E-cigarette use is a rapidly growing phenomenon in many countries including Australia.
New York’s active and fast response to this vaping crisis begs the question: how will the rising popularity of vaping in Australia be controlled?
According to the Cancer Council, studies increasingly show that e-cigarettes emit harmful substances.
Cancer Council WA media coordinator Jane Simpson says the organisation strongly supports a precautionary approach on e-cigarettes.
“This approach is needed because there isn’t enough evidence that e-cigarettes are safe, or an effective aid for people to quit smoking”.
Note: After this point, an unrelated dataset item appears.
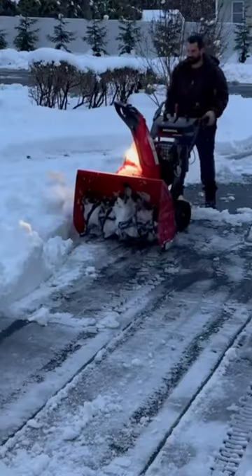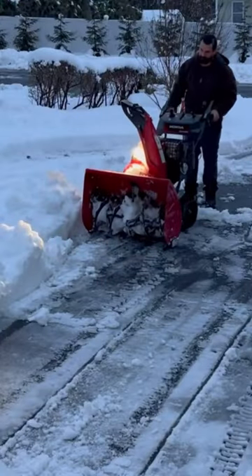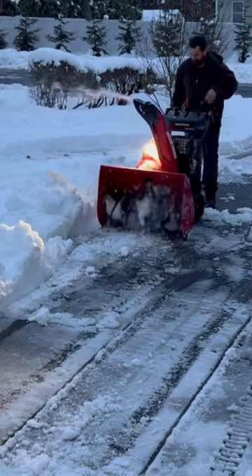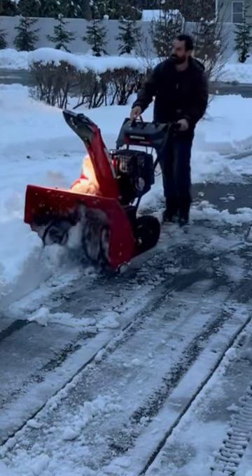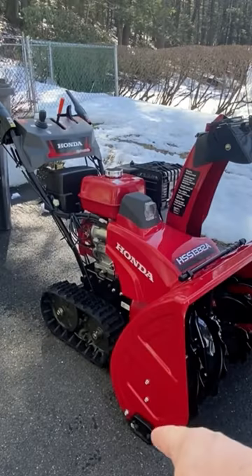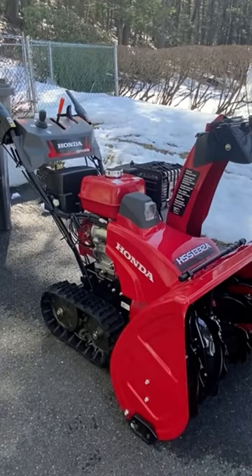The LED light is pretty cool too — I did a little video on it. It's starting to get dark out and you can see it's pretty bright, which is pretty sweet. The front auger skid shoes should come with it, but they don't, which kind of sucks.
She says to protect adults and young people both nicotine and non-nicotine e-cigarettes should be prohibited for sale in Australia.
“In any form e-cigarettes present potential risks.”
The majority of Australian vapers are current smokers in the 18 to 24 age range.
The devices are designed to deliver nicotine and other chemicals directly to users’ lungs via an aerosol vapour.
Ms Simpson says the tobacco industry has financially invested in e-cigarettes and this is a real cause for alarm.
“The tobacco industry time and time again has proven they can’t be trusted,” she says.
E-cigarettes are battery-operated devices that allow users to inhale nicotine and other chemicals in a vapour form rather than smoke.
All e-cigarettes have three parts to them: a battery, an automiser and a fluid cartridge containing propylene, glycol, nicotine, and added flavouring.
The wide variety of fruity flavours is what hooks teens and young adults on vaping in the first place.
Twenty-one-year-old Perth vaper Alex says he started vaping in high school because he thought it was cool.
“It’s way better than smoking normal cigarettes because it doesn’t have the same harmful effects, they are pretty harmless in my opinion.”
He says a few cases of people getting sick aren’t enough to deter him from the activity.
“People die from drinking alcohol as well but that doesn’t stop me.”
Alex says Australia doesn’t need to ban flavoured e-cigarettes like New York.
“It’s about time we did something on our own, banning vapes will just make people want them more”.